- _Supplied data_:
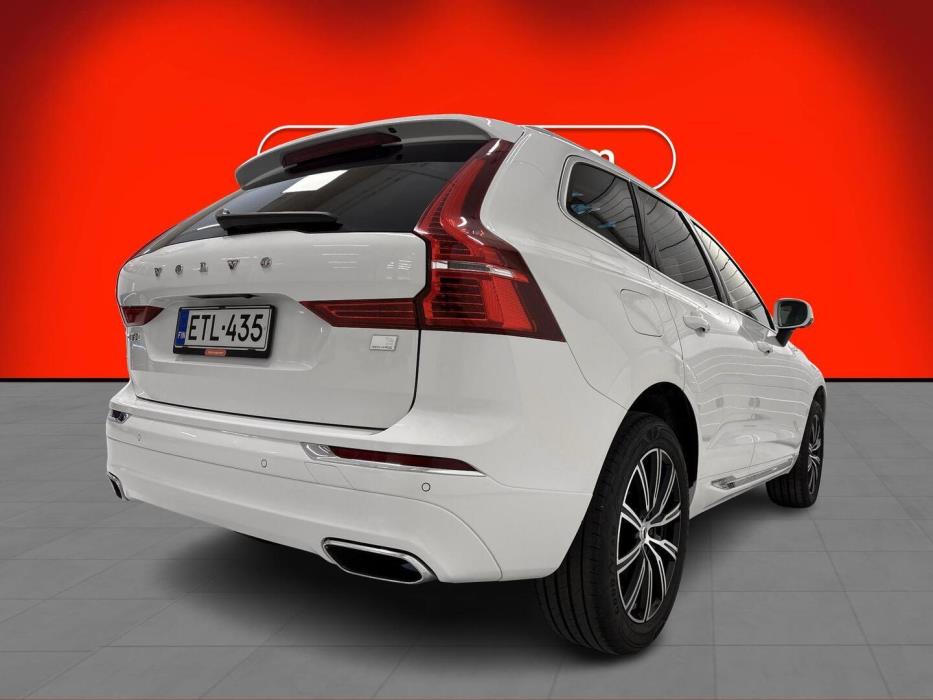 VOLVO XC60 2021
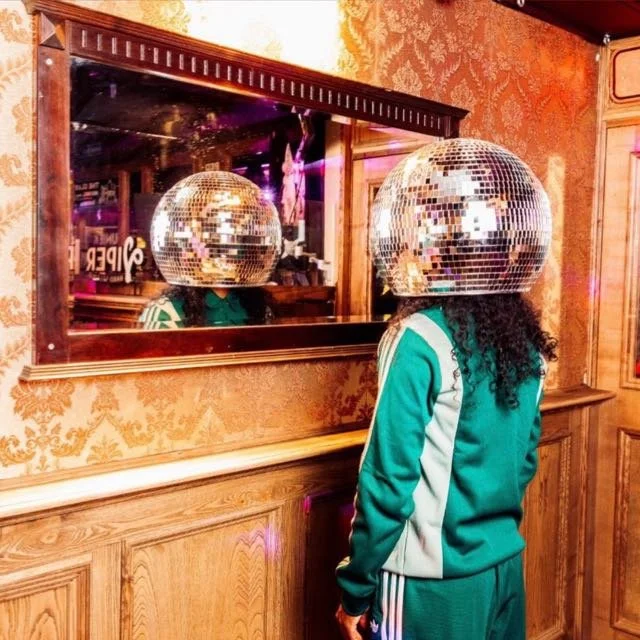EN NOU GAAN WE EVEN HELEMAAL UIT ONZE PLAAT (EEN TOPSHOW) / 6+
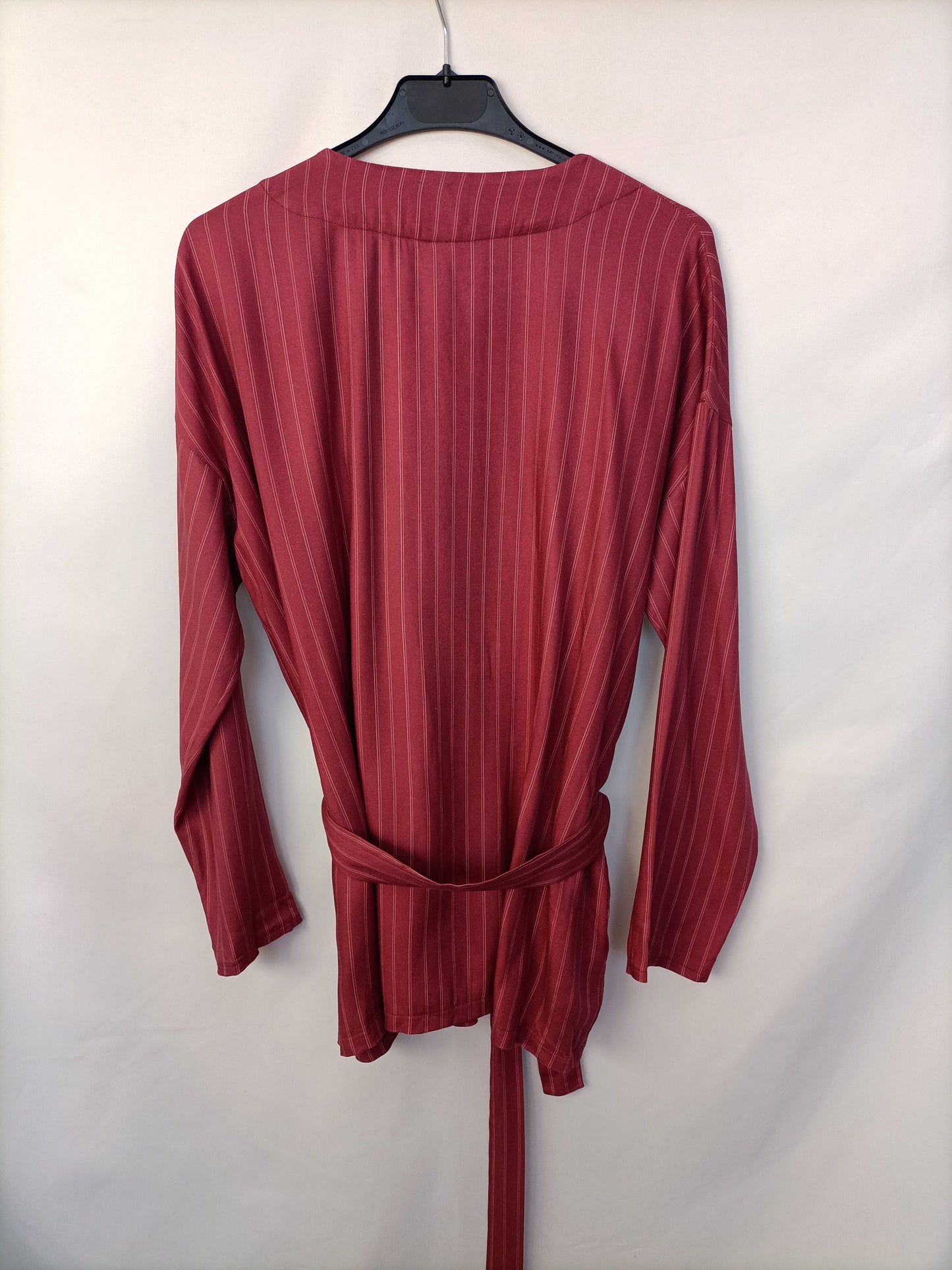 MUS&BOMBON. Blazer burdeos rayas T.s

- _What to produce_:
With the pictures removed, return the full listing exactly as given.

- _Expected output_:
 VOLVO XC60 2021
EN NOU GAAN WE EVEN HELEMAAL UIT ONZE PLAAT (EEN TOPSHOW) / 6+
 MUS&BOMBON. Blazer burdeos rayas T.s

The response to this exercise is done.